The use of makeup has fallen in and out of social favor throughout history, tied to religious doctrines and the philosophy of Stoicism along with the traits of vanity and selfishness.
Most early societies embraced self-care, the use of deodorant and moisturizers, but hailed a person should enhance their natural appearance but not decorate it.
By the early 1400s makeup was culturally embraced around most of the world. Queen Victoria disapproved of makeup so for a time in parts of Europe and American it became unpopular. Then came the roaring 1920s when red lipstick and dark eyeliner returned to the Anglo-American world. The beauty industry took firm hold in America and advertisers sold makeup as a woman’s necessity, still attention getting but not wicked or selfish.

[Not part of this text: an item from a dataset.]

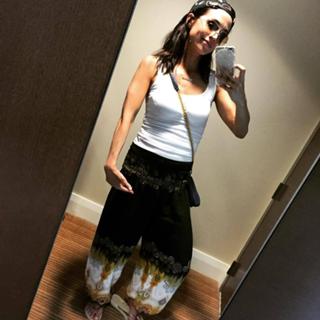 Eliza Dushku feet photo thumbnail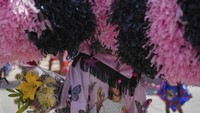 Topi kertas tisu berbulu yang menyerupai ulat berada di atas kepala pria dan wanita yang mengenakan topeng kulit berjanggut dan berkumis, serta jubah berwarna yang dihiasi gambar Yesus dan Perawan Maria. Tokoh-tokoh yang mereka perankan dikenal sebagai sayones.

This exhibit would not be possible without the loving donations of the families of Victoria (Dickey) Casey-Connors, 1928-2022 of Riverton and Shirley Jean Beers-Heckart, 1936-2022 of Riverton, South Pass, and finally Lander.
Dickey Connors collected objects made of celluloid. Celluloid or French Ivory is a plant-based camphor pre-plastic that was used in manufacturing between the 1860s to the 1950s.
Shirley Heckart found joy collecting and displaying perfume bottles.